The Law Society is strongly opposed to the legal profession paying such a levy as solicitors are subject to stringent anti-money laundering requirements, but has stated that if it is to be introduced, then smaller firms should be exempt.
It has criticised the view of the Solicitors Regulation Authority (SRA), which regulates solicitors in England and Wales, that small law firms in the UK should pay further costs to combat the society-wide problem of money laundering.
In its Economic Crime Levy Consultation, HM Treasury has proposed that smaller law firms, which are often at the coalface of fighting money laundering, should be subject to a new economic crime charge. In its consultation submission, the SRA has stated that “criminals may specifically target small firms” and should therefore be subject to an anti-money laundering (AML) levy.
In its response, the Law Society of Scotland argues that the legal profession is strongly committed to fighting economic crime arising from money laundering and has been on the front line of defence for a very long time, investing considerably in measures to forestall economic crime. It has said that as wider society benefits from anti-money laundering activity it should be funded centrally rather than through the legal sector and other professional services sectors, stating that “the impacts of economic crime are felt across society as a whole and therefore any benefits that materialise from tackling economic crime are equally beneficial”.
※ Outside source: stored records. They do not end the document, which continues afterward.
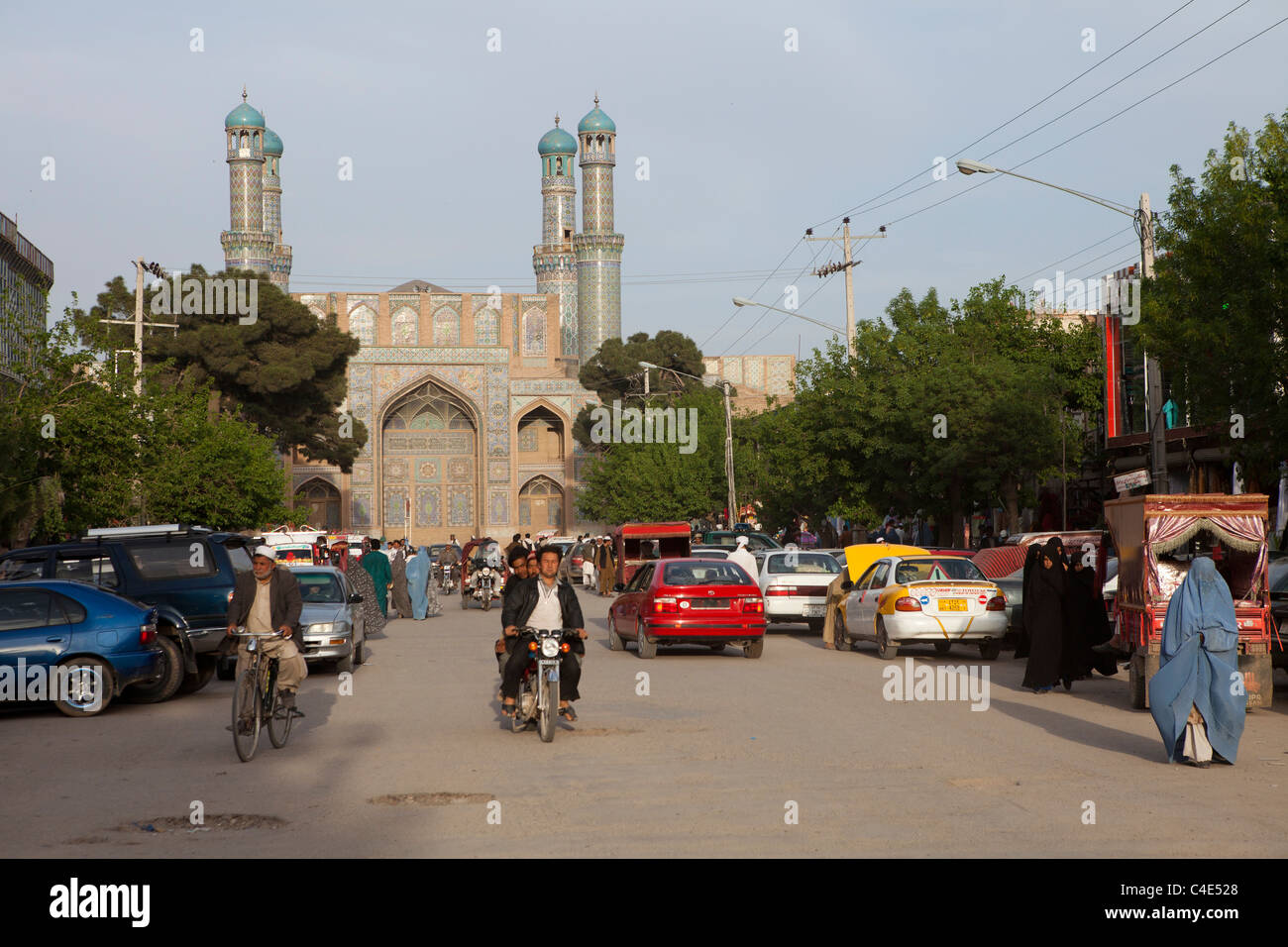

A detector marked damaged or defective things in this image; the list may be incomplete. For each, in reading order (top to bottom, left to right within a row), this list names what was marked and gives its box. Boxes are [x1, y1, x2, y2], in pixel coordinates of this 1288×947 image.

road pothole [115, 808, 286, 834] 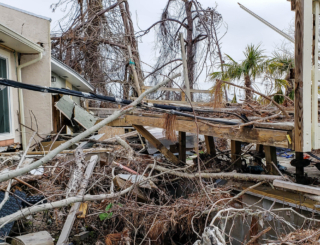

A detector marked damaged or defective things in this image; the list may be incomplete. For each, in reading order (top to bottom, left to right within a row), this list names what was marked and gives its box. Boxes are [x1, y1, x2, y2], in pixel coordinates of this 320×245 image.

broken plank [132, 124, 180, 165]
broken plank [125, 114, 292, 147]
broken plank [57, 155, 98, 245] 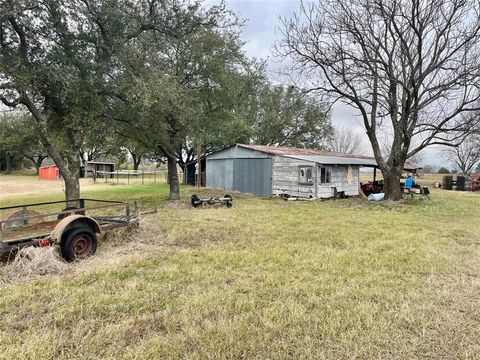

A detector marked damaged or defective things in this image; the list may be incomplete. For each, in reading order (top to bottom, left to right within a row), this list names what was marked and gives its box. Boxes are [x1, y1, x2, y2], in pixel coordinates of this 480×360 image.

Law Society of Scotland president Amanda Millar said: “I reiterate the point we made to HM Treasury, that we are diametrically opposed to the introduction of a further levy being placed on Scottish solicitors at all and particularly at a time when so much is being asked of the legal professions in order to keep our society operating.
“It is extremely disappointing to see this response from the SRA. There can be no question of the legal profession’s commitment to tackling economic crime resulting from money laundering activities. Scottish solicitors are subject to some of the most stringent anti-money laundering rules in the world, monitored by an AML-specific team as part of the Society’s regulatory function. This is funded entirely by the profession, meaning Scottish solicitors already contribute to measures that benefit everyone in society.
“It is also being proposed at a time when solicitors’ firms across the entire UK are struggling in the worst recession on record, while at the same time making sure they continue to meet the needs of clients, with many also having to invest heavily in technology to ensure the continued smooth-running and effective administration of justice. It seems the SRA has failed to grasp the dire economic reality solicitors across the UK are facing.”
In its response submitted in October 2020, the Law Society of Scotland called for further clarification from the UK government on how proposed costs would be divided between private sector and public funding. It maintains that any new levy must be transparent and proportionate to the actual risk posed to ensure the legal sector and individual firms are not disadvantaged. While emphasising its objection to the proposed levy entirely, the Society been clear that any funds raised by an AML levy must not be diverted for other general government spending or other areas of economic crime such as fraud.